**Assignment:** A faithful copy of every entry, with the pictures removed, is what is needed here.

# # # # # # #

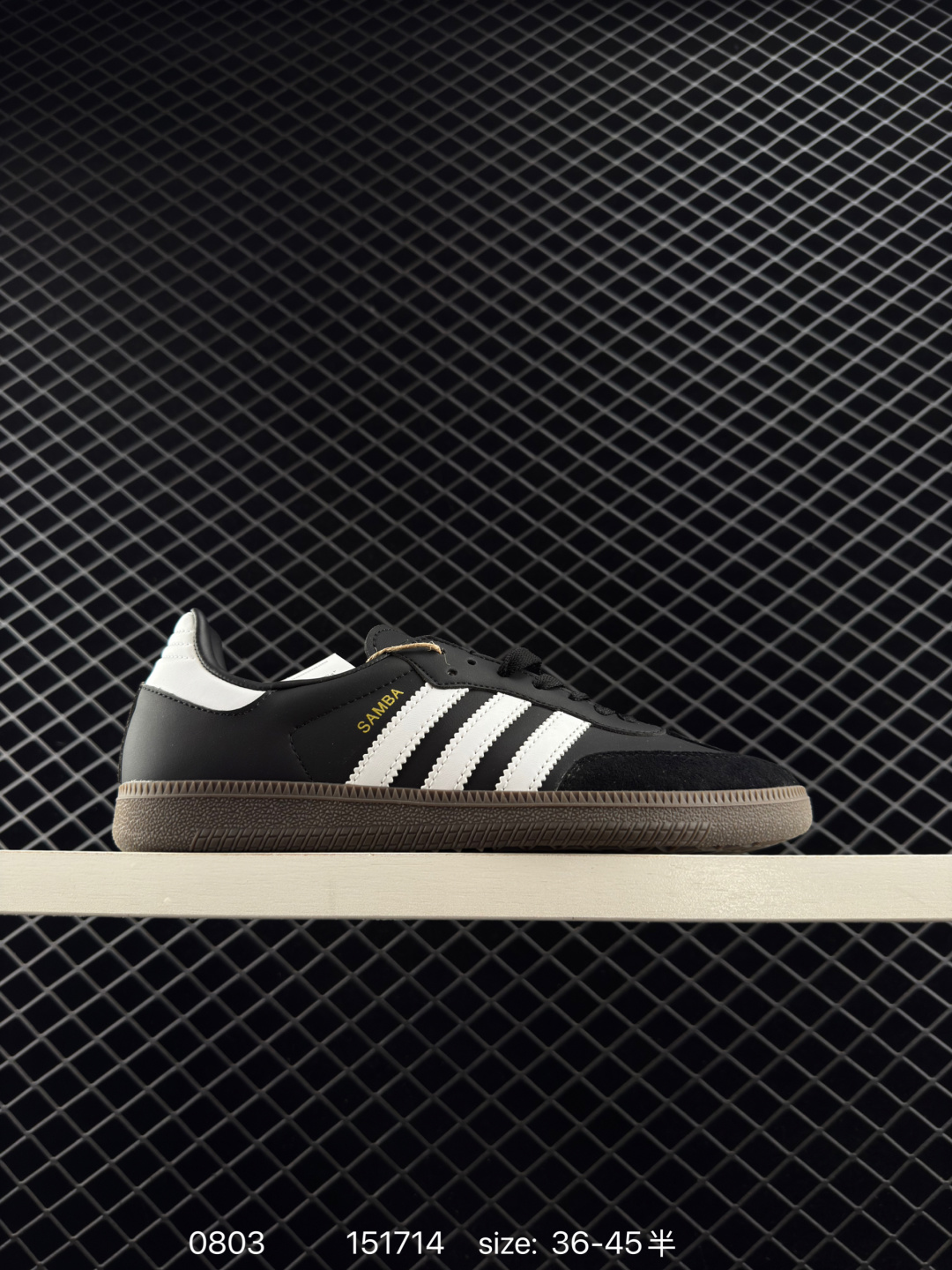 Adidas Originals Samba Rose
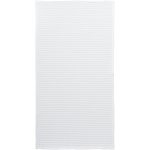 Набор кухонных полотенец Good Wipe, белый с желтым — изображение 4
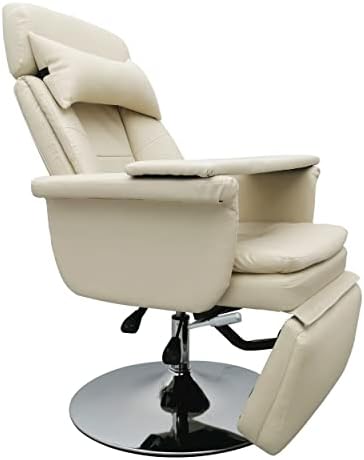 LGXEnzhuo bijeli Vazdušni pritisak facijalni Spa sto salonska stolica za 360 stepeni rotirajući pritisak vazduha podizanje masažne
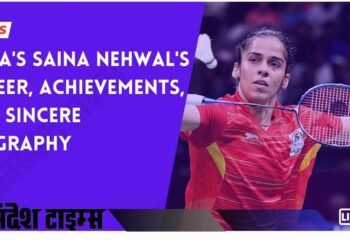 saina nehwal
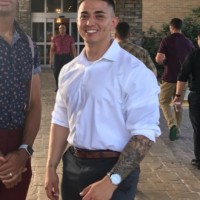 Isaac Cardenas
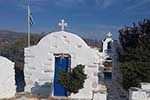 Chora Antiparos Cycladen - Foto 7 - Foto van Jan Rietbergen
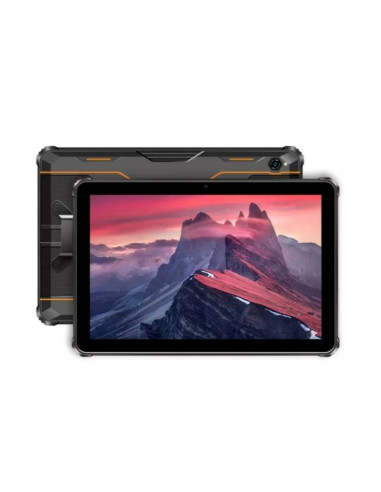 Tablet Oukitel Rt9 10,1" 6/256Gb Orange Rugged 11000 Mah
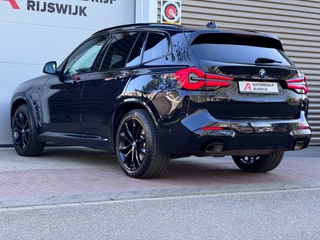 BMW X3 – thumbnail 4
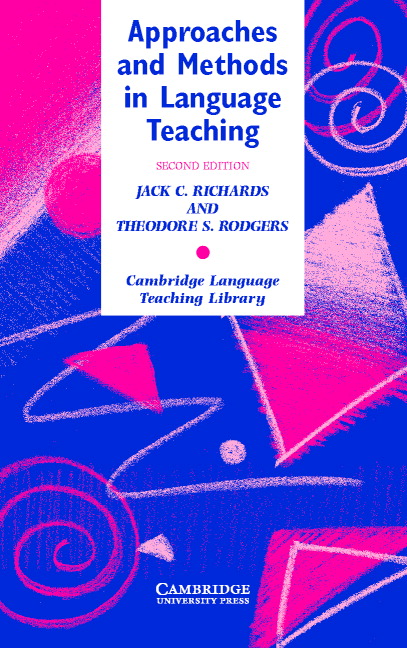 history of communicative language teaching
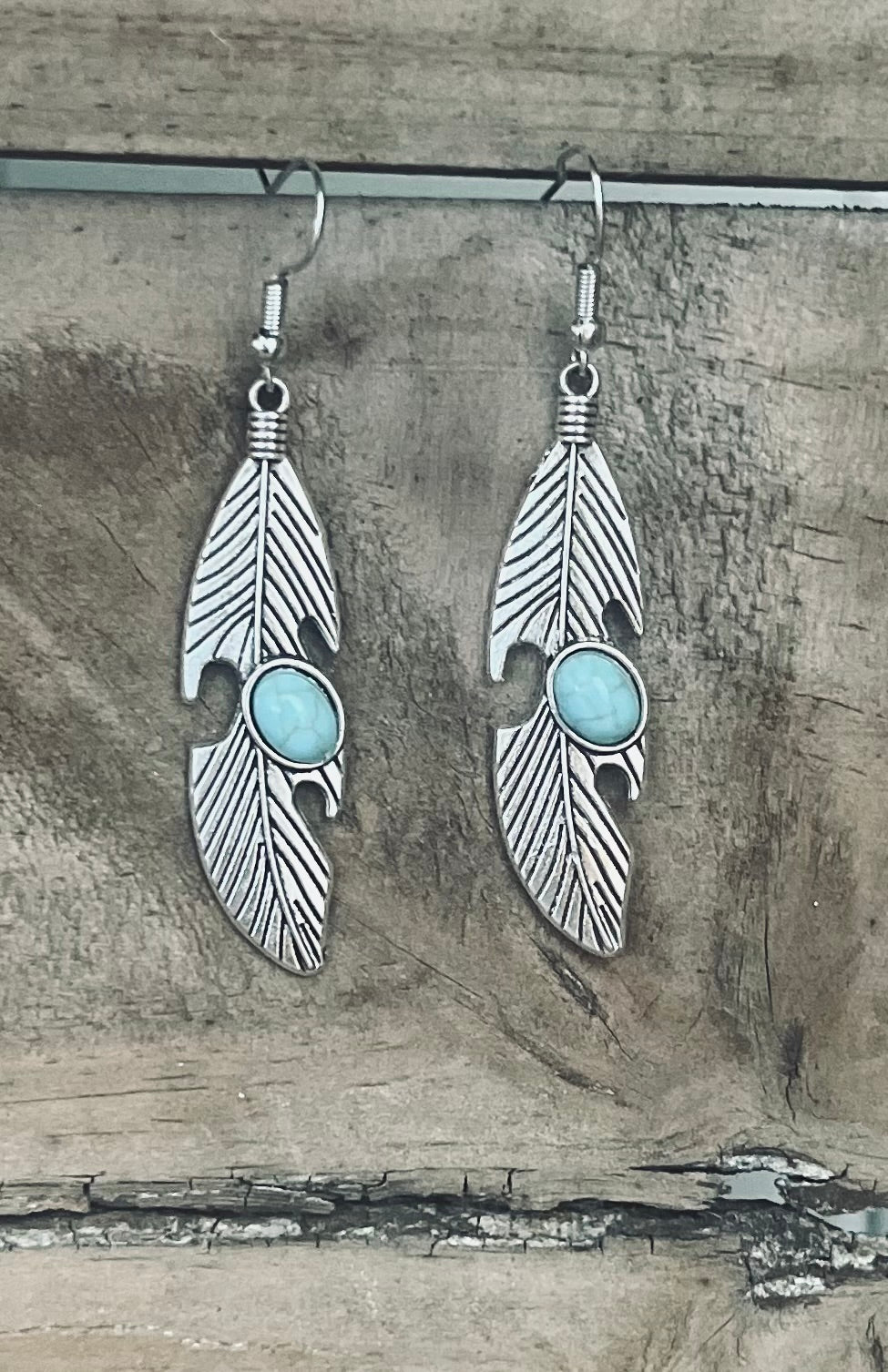 Rose Dunn Earrings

# # # # # # #

**Solution for this exercise:**
 Adidas Originals Samba Rose
 Набор кухонных полотенец Good Wipe, белый с желтым — изображение 4
 LGXEnzhuo bijeli Vazdušni pritisak facijalni Spa sto salonska stolica za 360 stepeni rotirajući pritisak vazduha podizanje masažne
 saina nehwal
 Isaac Cardenas
 Chora Antiparos Cycladen - Foto 7 - Foto van Jan Rietbergen
 Tablet Oukitel Rt9 10,1" 6/256Gb Orange Rugged 11000 Mah
 BMW X3 – thumbnail 4
 history of communicative language teaching
 Rose Dunn Earrings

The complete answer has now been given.